THE new atheists envision a world with no religion—no suicide bombers, no religious wars, and no televangelists fleecing their flocks. Does that vision appeal to you?
Before answering, ask yourself this, ‘Is there any evidence that universal atheism would lead to a better world?’ Consider: As many as 1.5 million Cambodians died in the Khmer Rouge effort to establish a godless Marxist state. And in the officially atheistic USSR, Joseph Stalin’s rule resulted in tens of millions of deaths. Granted, those evils cannot be directly attributed to atheism. But they do show that the rule of atheism does not ensure peace and harmony.
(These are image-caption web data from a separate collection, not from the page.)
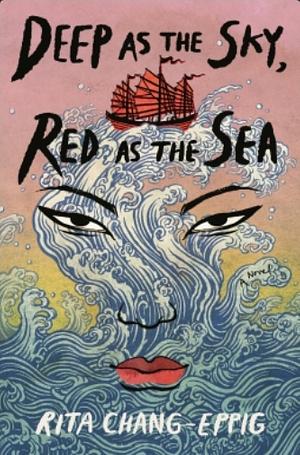 Deep as the Sky, Red as the Sea by Rita Chang-Eppig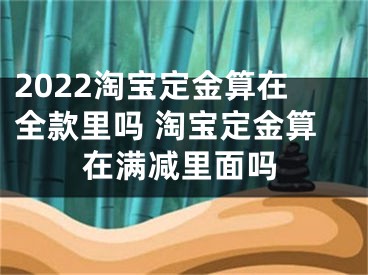 2022淘宝定金算在全款里吗 淘宝定金算在满减里面吗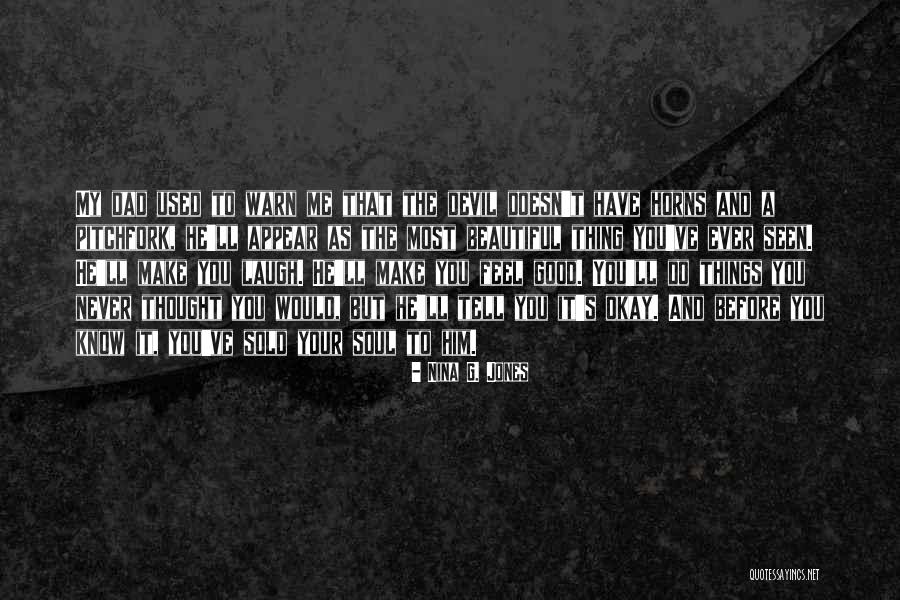 Beautiful Dark Quotes By Nina G. Jones Beautiful Dark Quotes By Nina G. Jones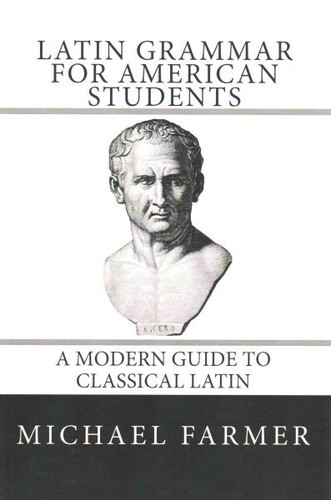 Latin Grammar for American Students : A Modern Guide to Classical Latin ...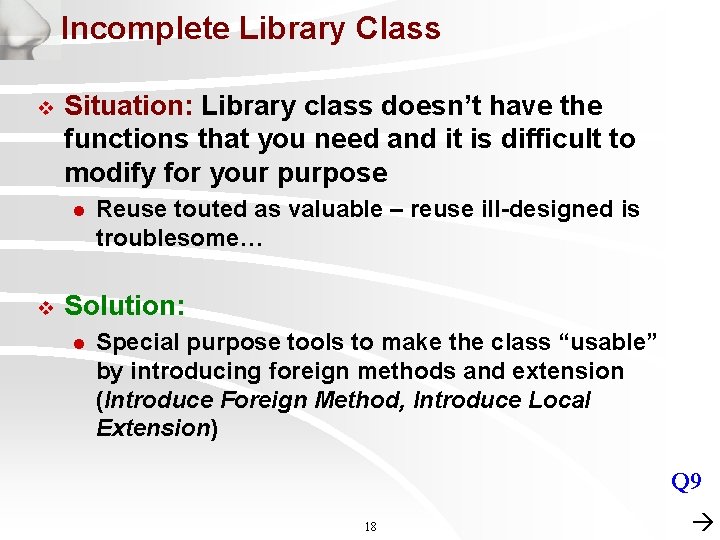 Incomplete Library Class v Situation: Library class doesn’t have the functions that you need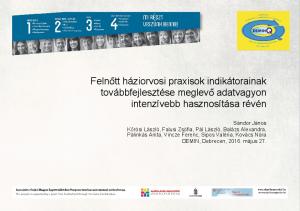 Felnőtt háziorvosi praxisok indikátorainak továbbfejlesztése meglevő adatvagyon intenzívebb hasznosítása révén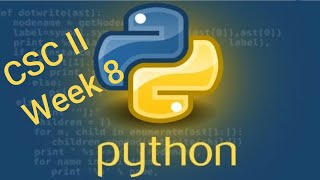 Week 8 - CSC II - Python - Error Handling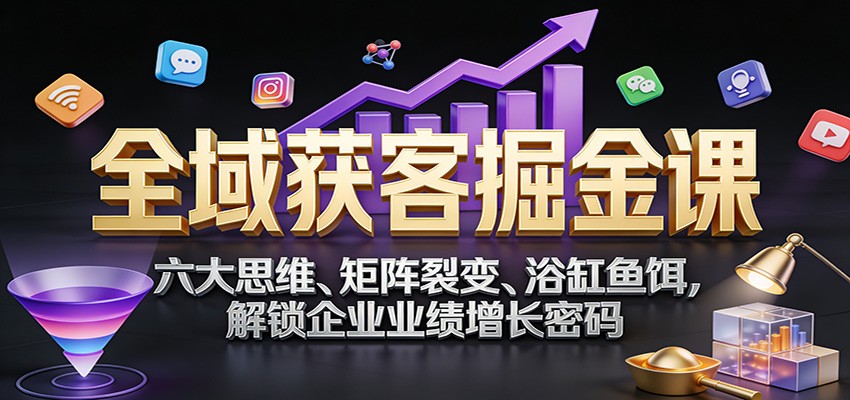 全域获客掘金课：六大思维、矩阵裂变、浴缸鱼饵，解锁企业业绩增长密码-破局灯塔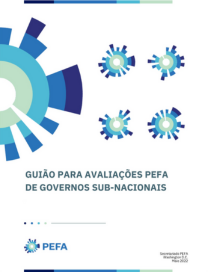 Guião para Avaliações PEFA de Governos Sub-Nacionais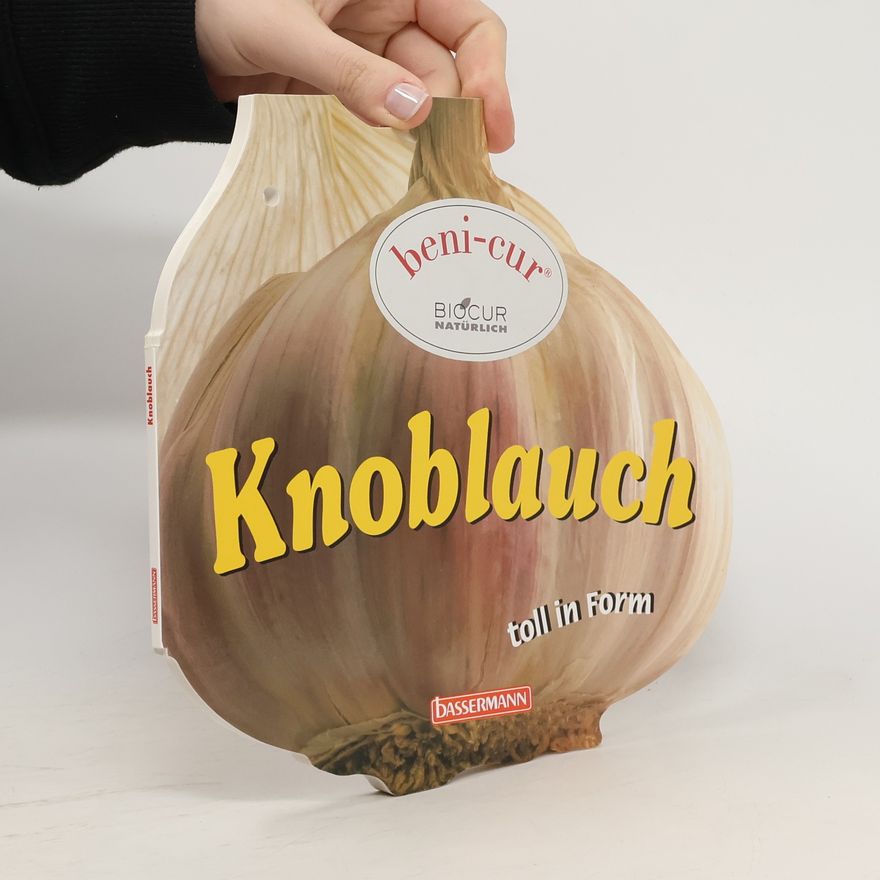 Claudia Offenhäusser Knoblauch toll in Form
Few would deny that religion has caused much suffering. But is God at fault? No! He is no more at fault than a car manufacturer would be for an accident caused by a driver using a cell phone. Mankind’s suffering has many causes, one of which is more fundamental than beliefs. The Bible identifies it as inherent imperfection. “All have sinned and fall short of the glory of God.” (Romans 3:23) This sinful inclination tends to foster selfishness, undue pride, a desire for moral independence, and violence. (Genesis 8:21) It also causes people to rationalize and to gravitate toward beliefs that excuse wrongdoing. (Romans 1:24-27) Jesus Christ rightly said: “Out of the heart come wicked reasonings, murders, adulteries, fornications, thieveries, false testimonies, blasphemies.”—Matthew 15:19.
A Vital Distinction
At this point, a distinction must be made between true worship—that is, worship that is acceptable in God’s eyes—and false worship. True worship would help people to fight against base inclinations. It would encourage self-sacrificing love, peace, kindness, goodness, mildness, self-control, marital loyalty and fidelity, and respect for others. (Galatians 5:22, 23) False religion, on the other hand, would tend to cater to popular trends—‘tickling people’s ears,’ as the Bible says—by condoning some of the bad things Jesus condemned.—2 Timothy 4:3.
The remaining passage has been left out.